After days of squalid limbo, the refugees of Keleti station square, armed only with desperation, forced the hand of a government they saw as jailers.
Despairing of ever escaping the increasingly squalid station, barred from boarding trains and buses without papers, they simply set off to Austria on foot, a 125-mile journey that seemed better than staying put.
The scenes they fled might have looked familiar to the 19th-century architects of Keleti’s soaring arches. Ever larger crowds of desperate, penniless, homeless people milled around, unable to go on to the countries they dreamt of, unwilling to go back to the countries they had fled, trying to hang on to dignity and hope.
It was not easy, as a refugee camp took shocking shape in the heart of a European capital. Hundreds were camping out on a metro underpass and a small plaza in front of its entrance. Among them were many children, cut and bruised, hungry and frightened.

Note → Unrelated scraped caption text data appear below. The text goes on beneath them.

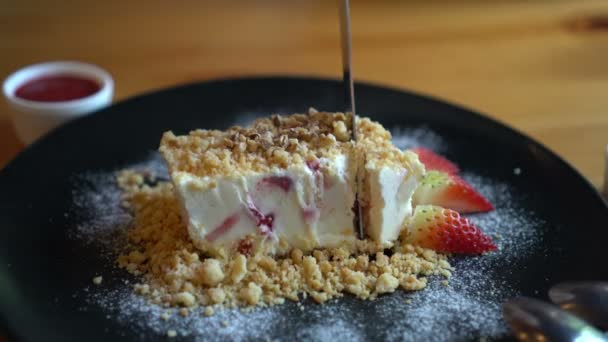 Découpe Gâteau Fromage Framboise Congelé Style Rustique Avec Croûte — Video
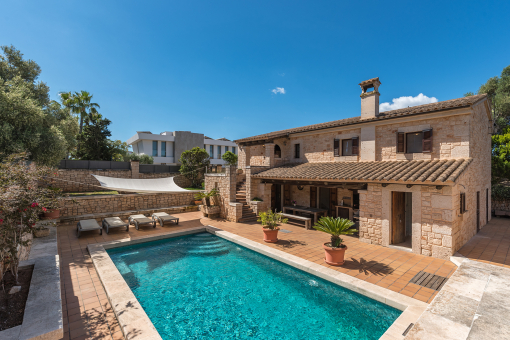 La terraza y la piscina se encuentran en un nivel ligeramente inferior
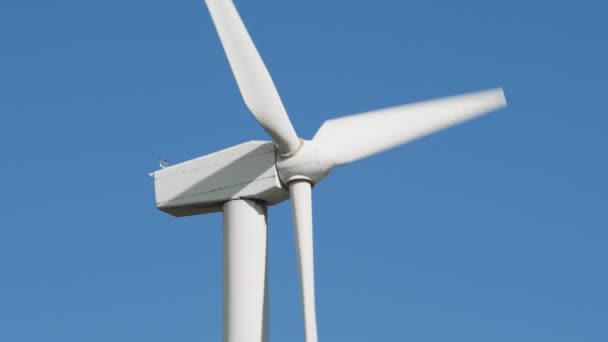 Use Wind Turbines Increase Forms Renewable Energy — Stock Video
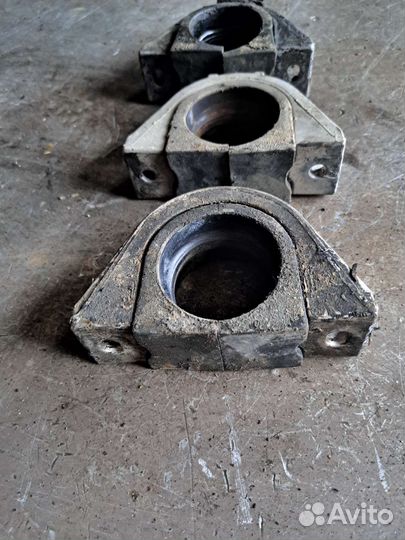 Скоба переднего стабилизатора BMW E65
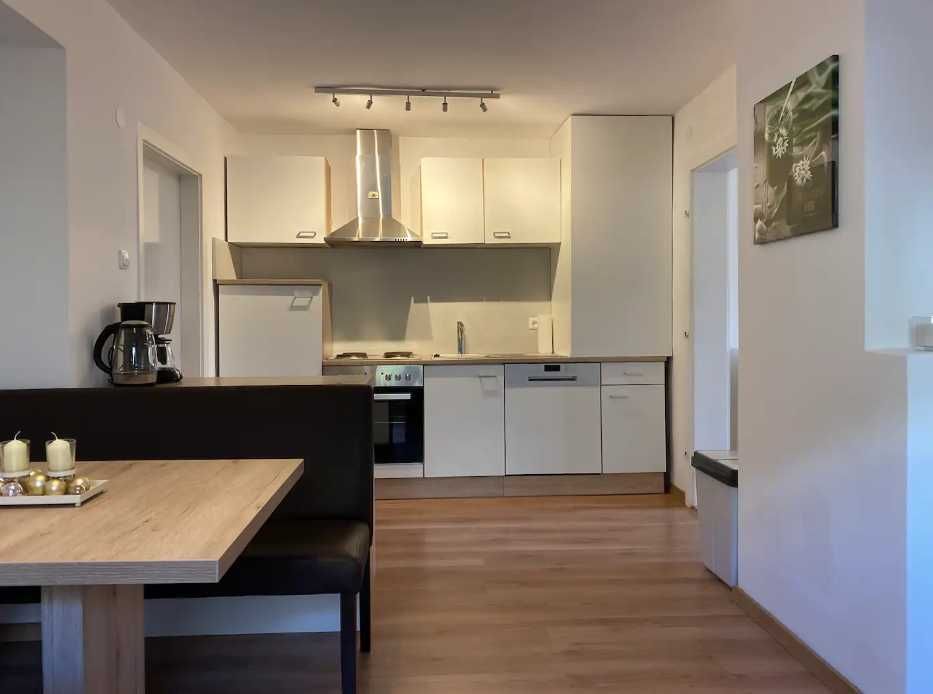 Дава се под наем Тристаен апартамент в Пловдив, Център - 99 кв.м за 265 € - Снимка #2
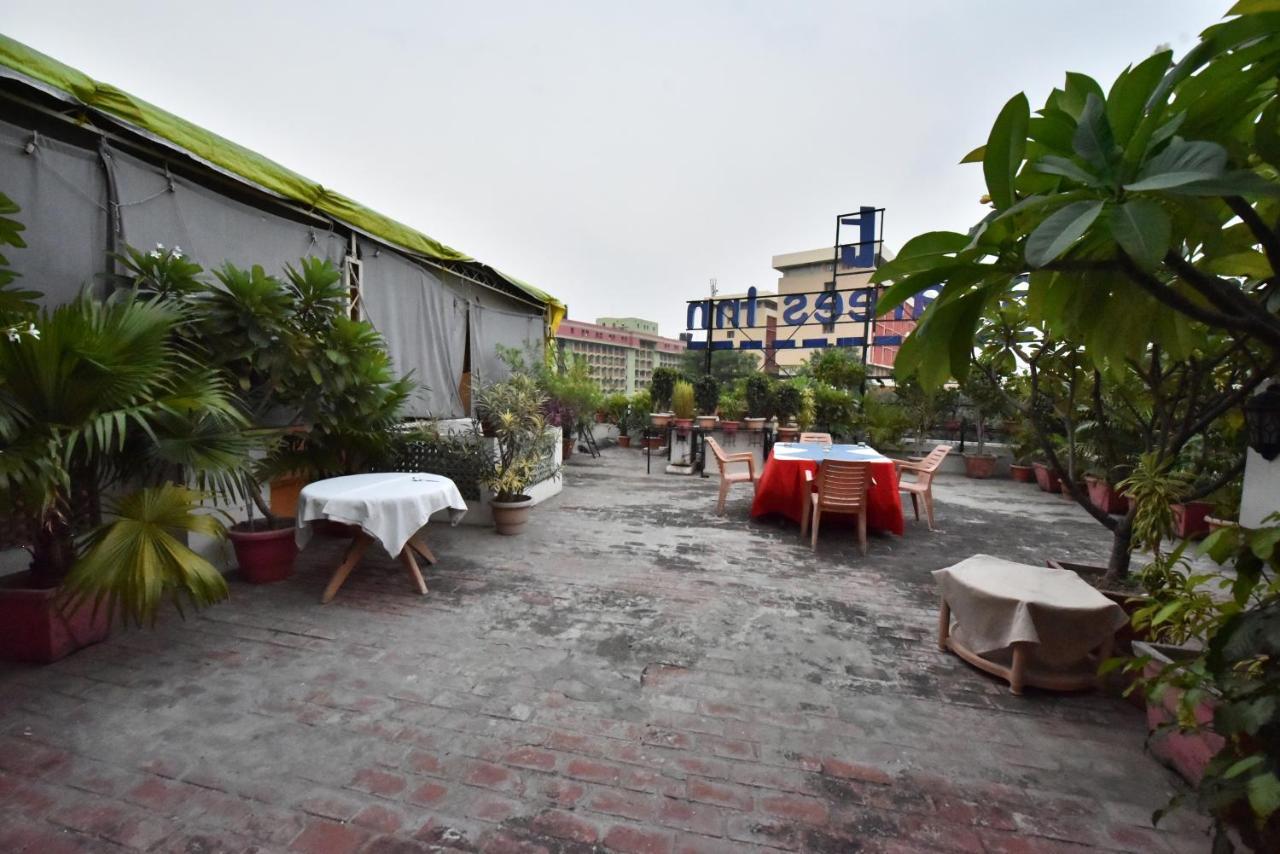 Tekareesinn Lucknow Luaran gambar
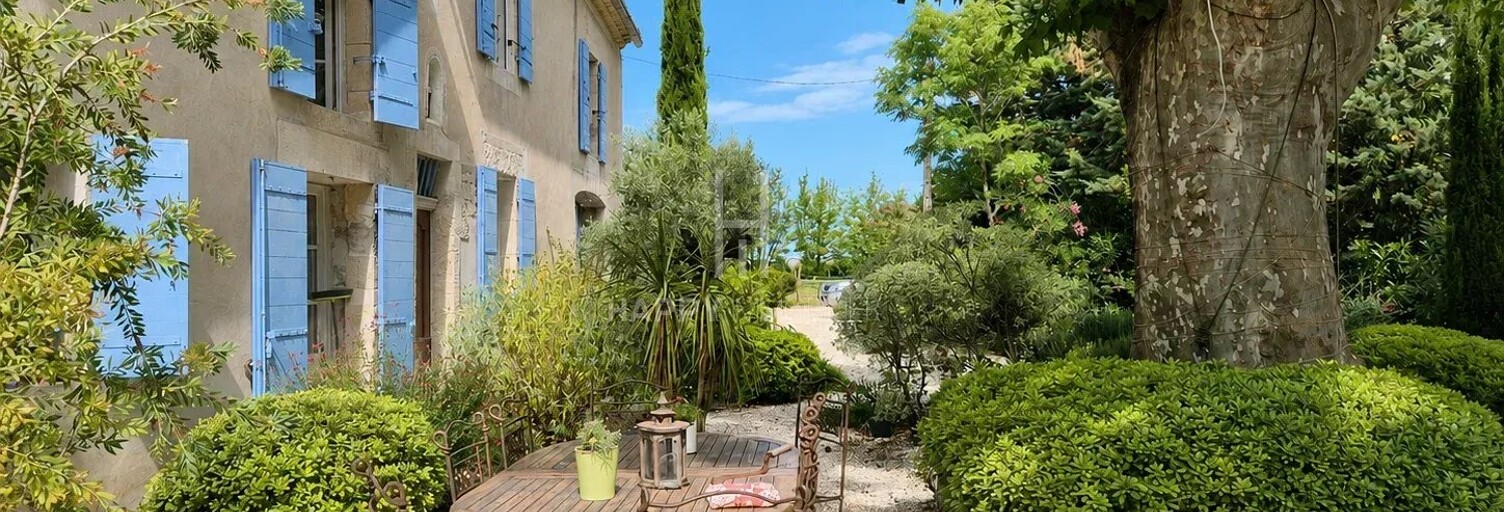 Maison 8 Pièces 190 m² à vendre à Graveson (13690)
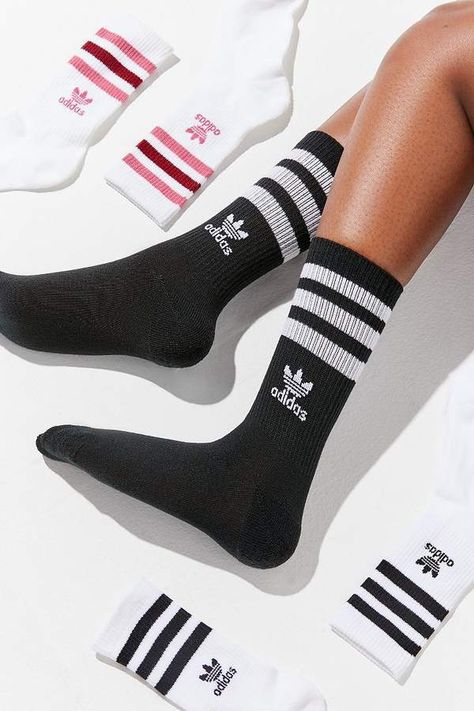 Adidas Originals Roller Crew Sock Barang Mahal, Sweat Clothes, Socks Photography, Training Outfit, Cute Sweats, Adidas Socks, Cute Nike Outfits, Sock Outfits, Tennis Shop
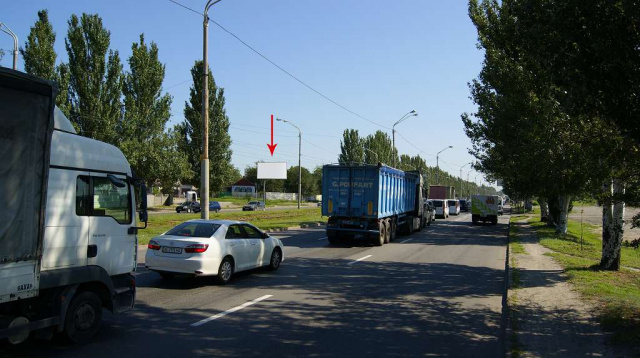 Щит 6x3,  t022B,Донецьке шосе - вул. Петрозаводська, напрямок до ТРЦ КАРАВАН, біля світлофора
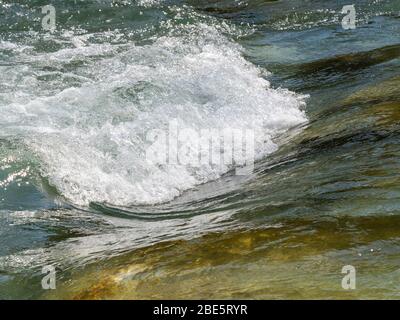 Rivière sauvage avec eau douce (Königseeache) Banque D'Images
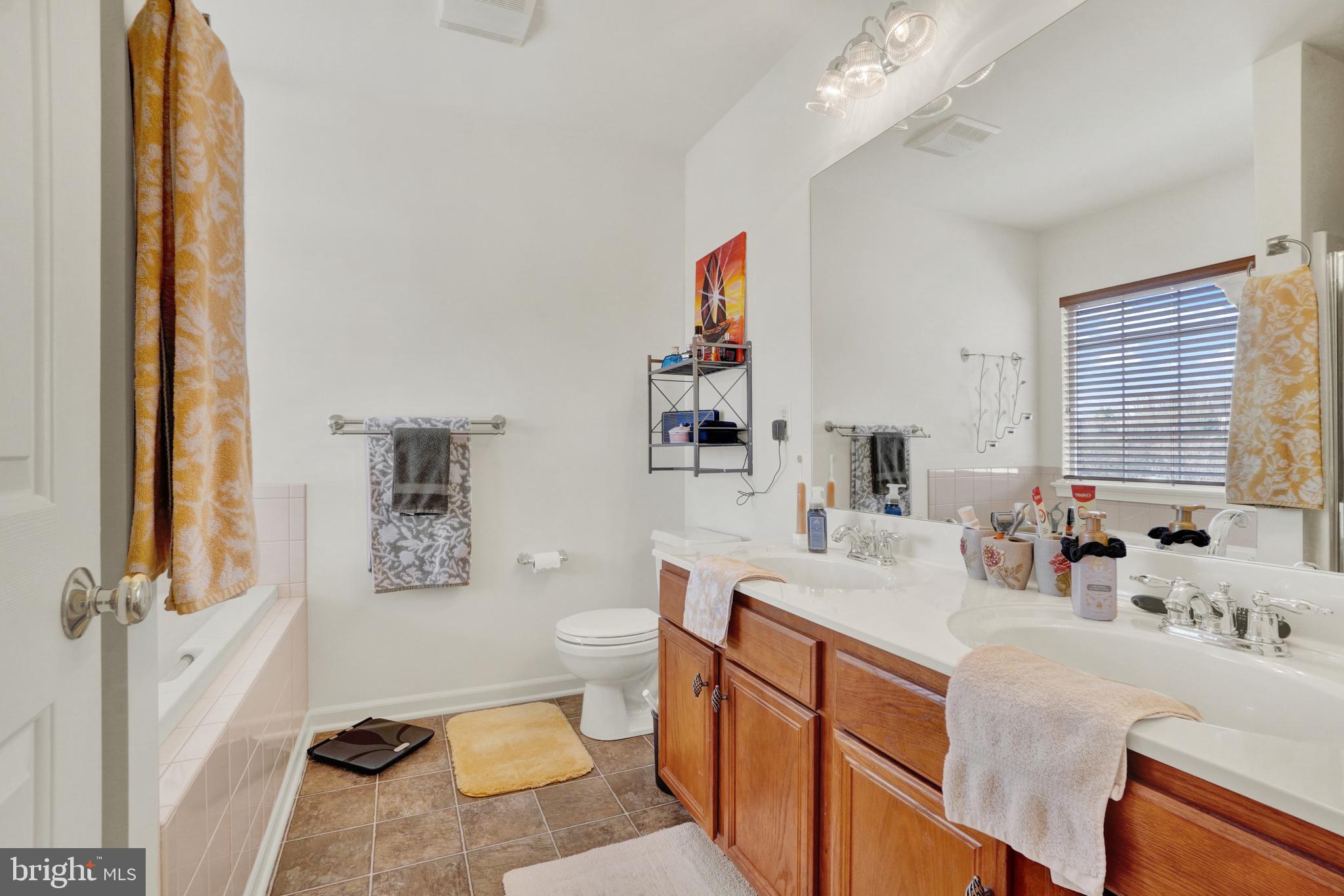 HUNT CLUB CONDOS - Residential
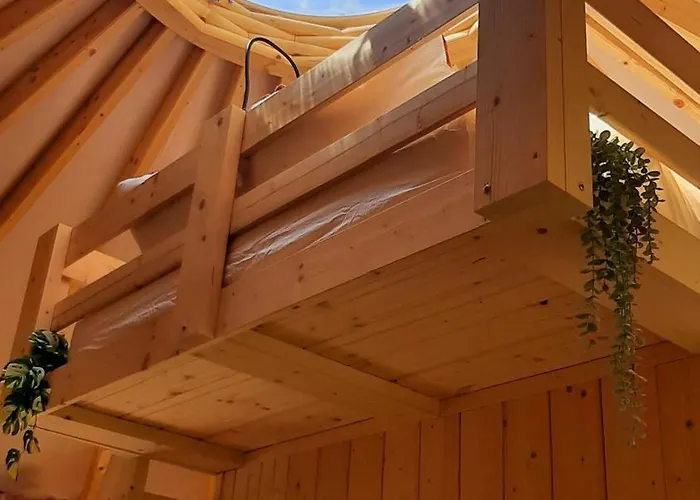 Magnolia Hoeve - Unieke Bestemming Voor Paardenliefhebbers En Bijzondere Overnachtingen In De *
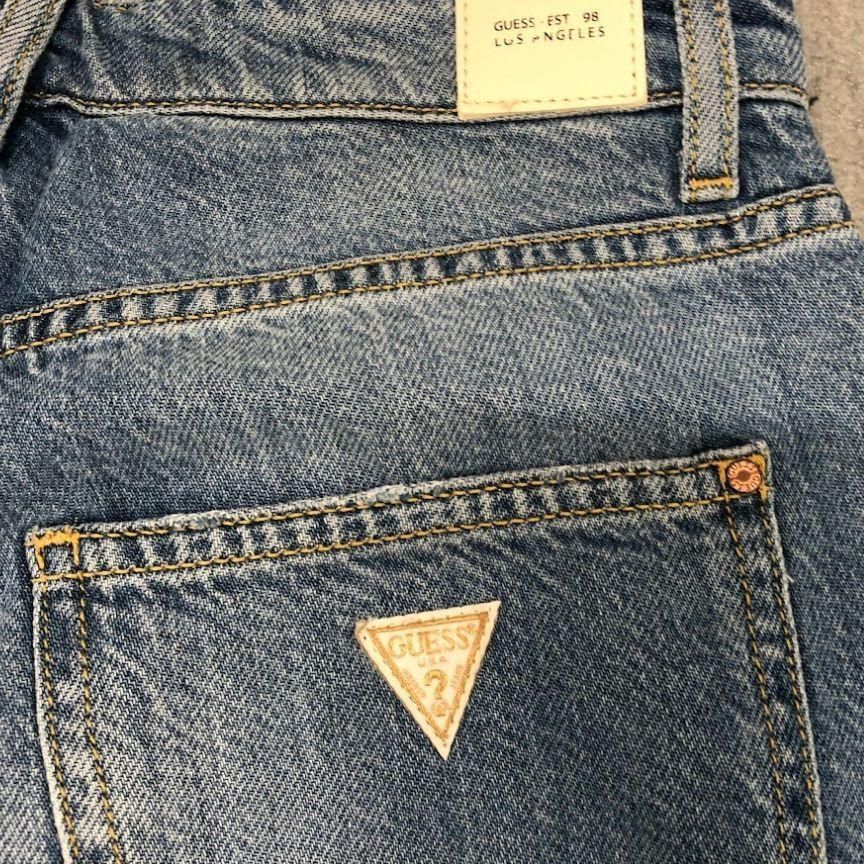 ハイウエスト リラックスフィットジーンズ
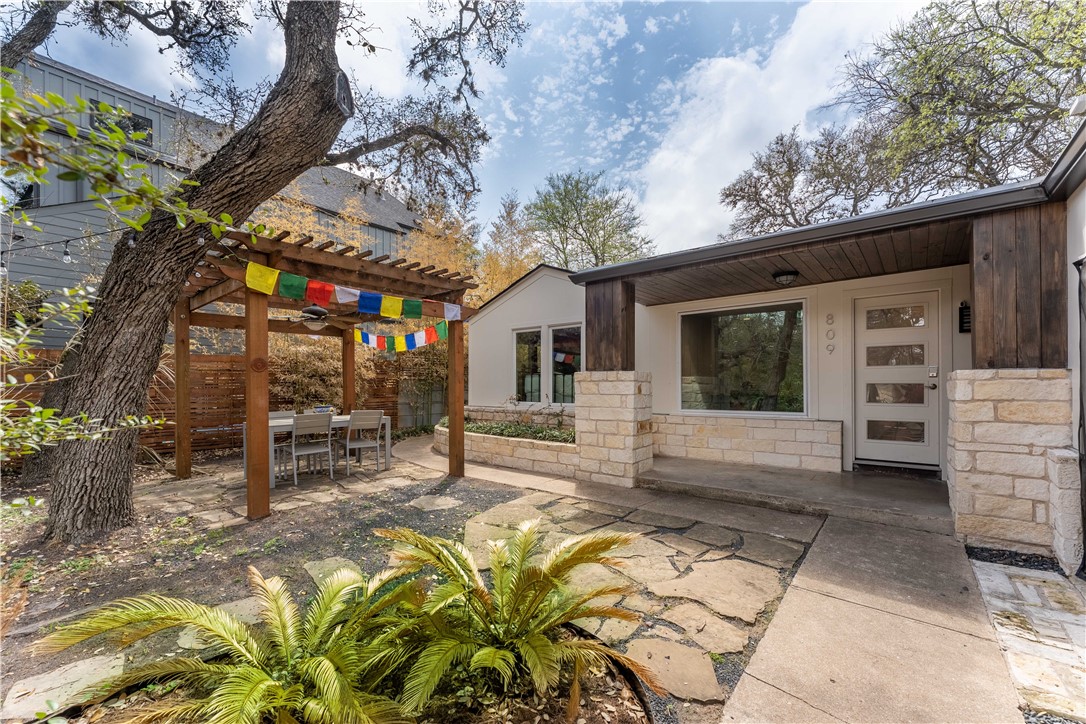 a view of a lounge chair in the patio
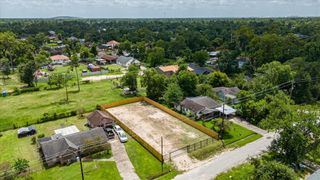 8706 Lawnridge, Houston, TX 77016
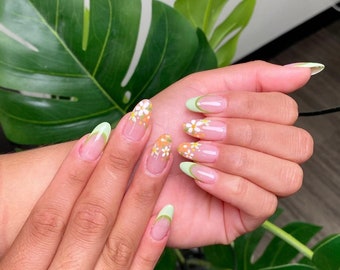 Pastel green Nails with Flowers design | Fake Nails | Glue On Nails | Press On Nails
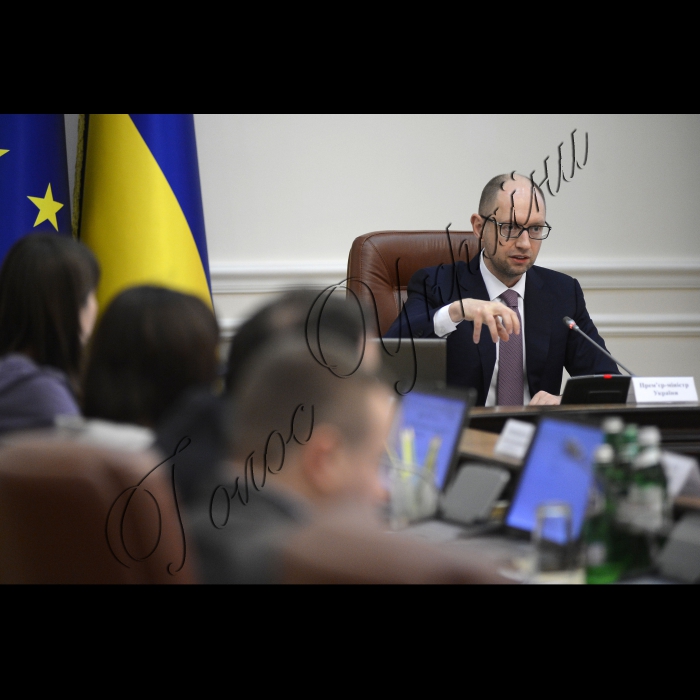 Київ. 
Під головуванням Прем’єр-міністра України Арсенія Яценюка відбулося засідання уряду.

Perhaps the most disgusting part of daily life was the lavatories, a fetid line of eight portable toilets for hundreds of people that by Friday was overflowing on to the concourse, the bitter ammonia smell drifting across the tents and sleeping bags laid out below.
There was a pump providing fresh drinking water and somewhere to wash hands and faces, but it was in a public concourse. A sign warned against washing feet, let alone any more intimate parts.